APRIL 29, 2011, MACALELON, QUEZON PROVINCE – Melchor Merando’s house made of wood, concrete, and GI sheets needs repairs but he would rather prioritize his children’s education. “What’s more important than taking care of our children’s future first before anything else?” he asked.

Indeed, by this measure alone, Mr. Merando, a 52-year-old farmer, father of five and member of the Candangal, San Isidro and San Nicolas Agrarian Reform Community (CASANDRO ARC) in Macalelon, already looks like a great success.

His eldest daughter, who had finished business management at a university, now works as a supervisor at a local branch of Nestlé Philippines, a food and beverage multinational company. His second child is a third-year civil engineering student and the two boys that came after him are incoming college freshmen in June. The youngest child is in high school. Mr. Merando, who has never gone to high school because of poverty, wants to ensure that his children get good education.
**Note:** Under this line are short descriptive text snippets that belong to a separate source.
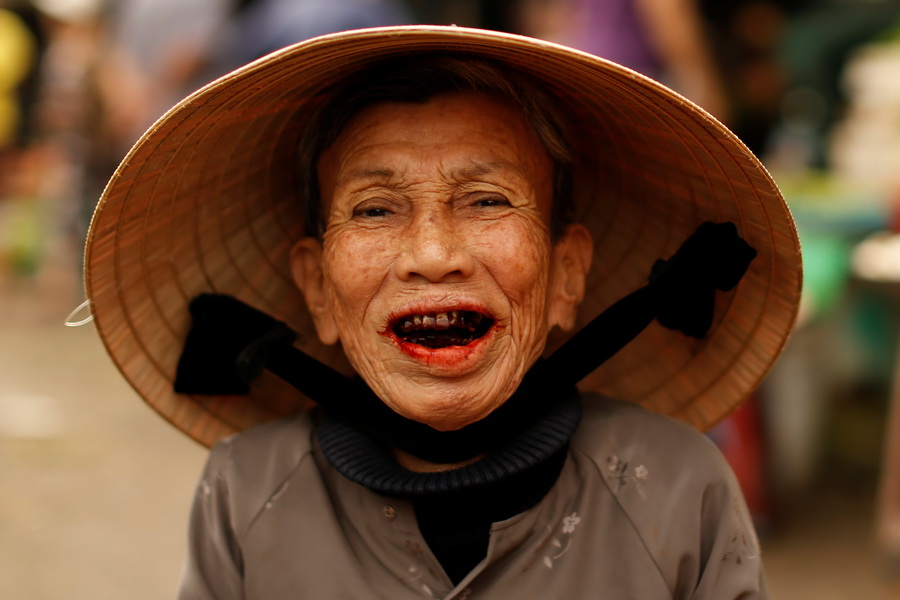 A woman wearing a traditional hat, known as a non la, poses for a portrait at a market in Hoi An, Vietnam April 5, 2016.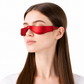 A woman with long brown hair wearing a sleek, red futuristic eye mask or visor, shown in profile against a solid white background.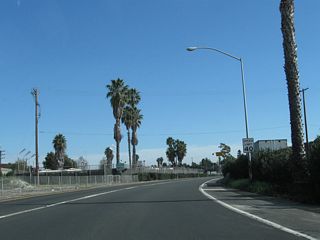 California 90 curves a bit to the southeast to reach its intended carriageway. The speed limit is set at 40 miles per hour.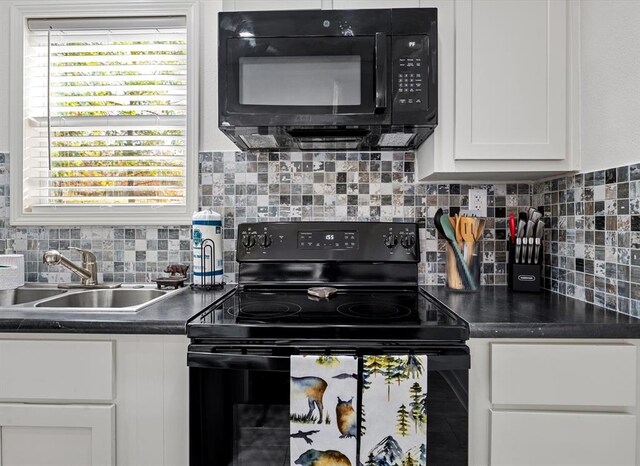 kitchen featuring decorative backsplash, sink, white cabinets, and black appliances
“It’s all about hard work and ingenuity,” he said, stressing that by growing high value vegetables like watermelon, tomatoes, bitter gourd, and eggplant using the best seeds and modern farming methods, he is able to send all of his children to school. And it helped, he said, to be a member of a multipurpose cooperative in CASANDRO ARC for he is able to purchase farm inputs through the cooperative’s agricultural credit assistance.

When asked about his annual income, he said that what he earned “is sufficient enough for him to finance the education of all his five children.” Probably more: he has a mechanical thresher for rice that provides him additional income, an electric grass cutter, and electric pump to irrigate his vegetables. He also has refrigerator, a television set, and electric fans which are uncommon luxuries in farming families in the Philippines.

Agrarian Reform Beneficiary

A beneficiary of the government’s Comprehensive Agrarian Reform Program (CARP), Mr. Merando obtained titles to his two-hectare land in the early 1980s. But life then was never easy because only three-fourths of his one-hectare farm is flat enough for growing rice during rainy season, the yield of which was never enough beyond family subsistence.

According to Mr. Merando, his family’s condition only started to improve beginning 2007 when he joined the farmers’ field school organized by the Department of Agrarian Reform (DAR) under the second phase of the Agrarian Reform Communities Development Project (ARCDP2) supported by the World Bank.

“We learned a lot about the better ways to plant off-season vegetables after the rice planting season, the proper use of inputs, to diversify, to raise animals the right way, and a whole lot more.” Mr. Merando said. “That enabled us to earn incomes all year round.” 

Supported by the World Bank, ARCDP2 was designed to reduce rural poverty and enhance the quality of life of agrarian reform beneficiaries and their communities by improving their productive assets, rural infrastructure and access to key support services.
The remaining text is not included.